The three-fold rationale for the TBI Justice in Mexico Project is based on: (1) the need to decentralize justice sector analysis and reform efforts in Mexico, (2) the need for a greater emphasis on promoting effective reform and best practices in the Mexican justice sector, and (3) the need for a US-based partner for helping to generate and disseminate analysis on Mexican justice reform initiatives.
In February 2009, the Justice in Mexico Project initiated this blog on related rule of law and security issues. The content of this blog is wide-ranging, but generally fits into our main areas for analysis of rule of law: law and order, transparency and accountability, and access to justice. The goal of this blog is to disseminate information about events in the Mexican justice sector, as well as other relevant developments reported in news stories, reports, and other sources. We make a special effort to provide coverage of issues and developments reported in Mexico, which often do not make it into the mainstream U.S. or international news, especially local events and recent developments in justice sector reform.
The Justice in Mexico Project has four major goals and activities:
A. To conduct research on justice reform and rule of law in Mexico in collaboration with institutional partners in Mexico and the United States.
B. To produce and distribute publications focused on the analysis of justice reform and the rule of law in Mexico.
C. To sponsor and organize seminars, conferences and events to promote a constructive dialogue on rule of law related topics.
D. To generate and organize relevant data on rule of law indicators in Mexico.
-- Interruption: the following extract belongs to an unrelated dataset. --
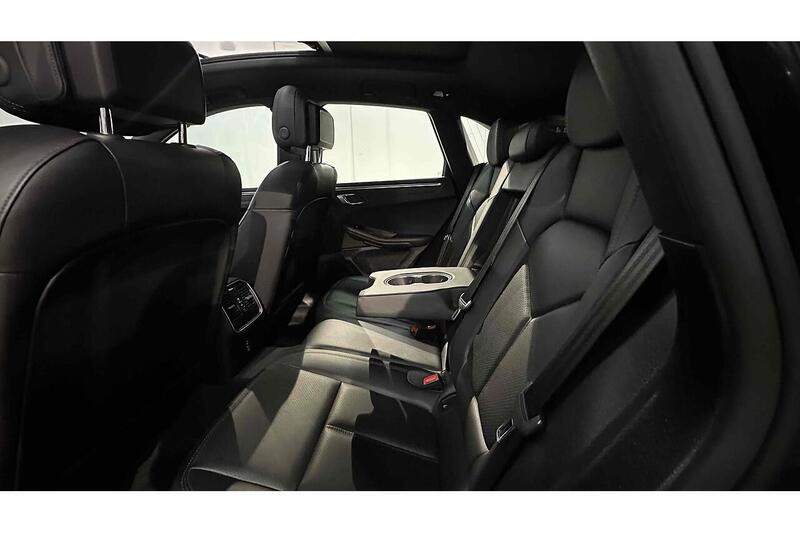 Porsche Macan T - U243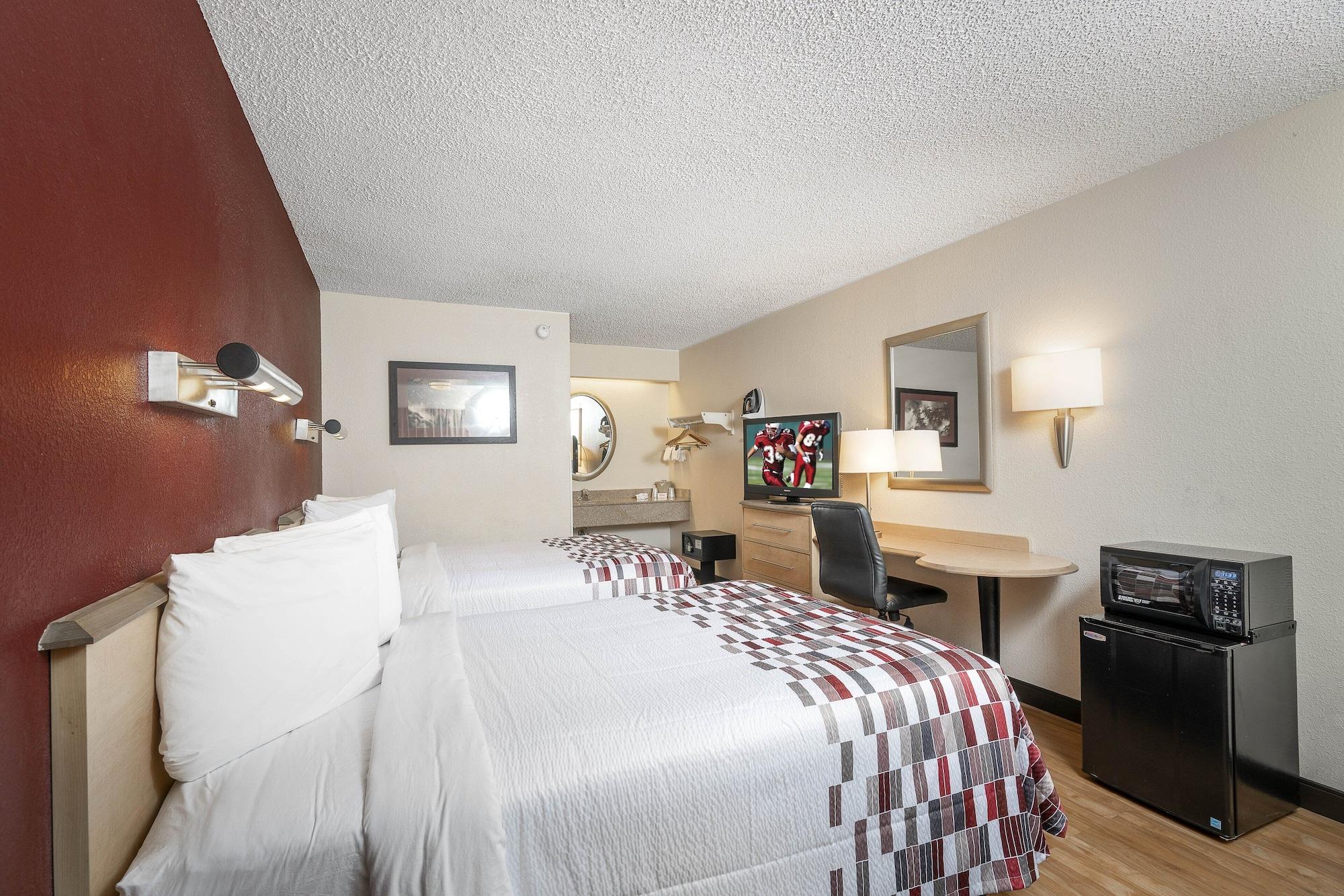 Red Roof Inn Louisville Fair And Expo Exterior photo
The Justice in Mexico Project coordinates and disseminates research on three major components of the rule of law:
1. ORDER. The regulation of individual behavior within society under the law,
2. ACCOUNTABILITY. The accountability of the state and its representatives under the law, and
3. ACCESS. Equal access to justice through the law.
The first component refers to the maintenance of “order,” in terms of the provision of security, the regulation of social conduct, and the resolution of grievances according to a previously devised legal code. Order maintenance implies the existence of effective mechanisms for addressing deviant behavior from established law. “Accountability,” the second component, refers a State that is itself committed to be responsive to their citizens, to protect their individual rights and to abide the established legal order. Accountability is critical to contemporary notions of the rule of law in which groups and individuals in society must be protected from arbitrary or improper conduct by the State and its representatives. Finally, the notion of “access to justice” requires that the enforcement of the law be efficient and predictable, that people have equal access to justice and equal treatment before the law. This component of the rule of law is based on the relatively modern and inherently normative understanding that the law must be effective, swift, and just.